With the growth of the spread, fewer teams are utilizing fullbacks and tight ends.
In a three-receiver set, most teams will utilize one tailback and a tight end. Throw in another receiver and the tight end typically leaves the field. Some prep teams now base with four or five receivers, especially if they have an athletic quarterback who is a threat to run.
That makes it more difficult for colleges to find fullbacks and tight ends. Often, they are forced to sign prospects with the dimensions and athleticism to play there who haven't necessarily done it before. That makes recruiting much more about luck than precision.

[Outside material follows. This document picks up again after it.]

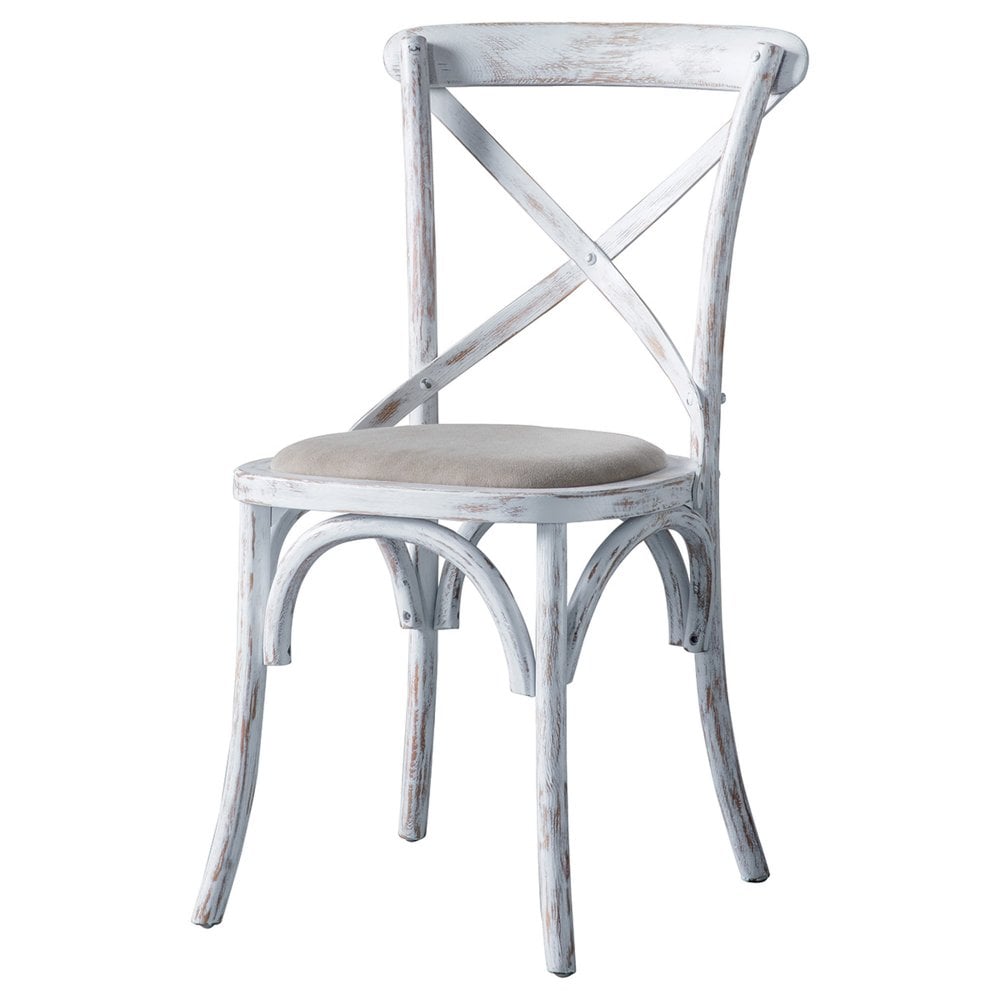 Set of 2 Dining Chair White Linen Fulton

"With most kids you look at what type of athlete they are and how they might fit in," said Spring Valley coach Miles Aldridge, a longtime college assistant. "But certainly nowadays you are recruiting a quarterback or a receiver for a specific position in the spread. A long time ago we could take quarterbacks and make them receivers, but nowadays you do have specific positions.
"I think you always end up taking a certain number of athletes without knowing what they'll be. You know they can run, catch and do other things, so you can plug them in."
The spread offenses utilized by high school teams do have their advantages. They have allowed college coaches to better assess the athleticism of a prospect than the three-yards-and-a-cloud-of-dust offenses of yesteryear, South Carolina recruiting coordinator Shane Beamer said.
"You get to see guys’ athletic ability in space and get to see them run around," he said, "so there is a little bit of a give and take with the spread."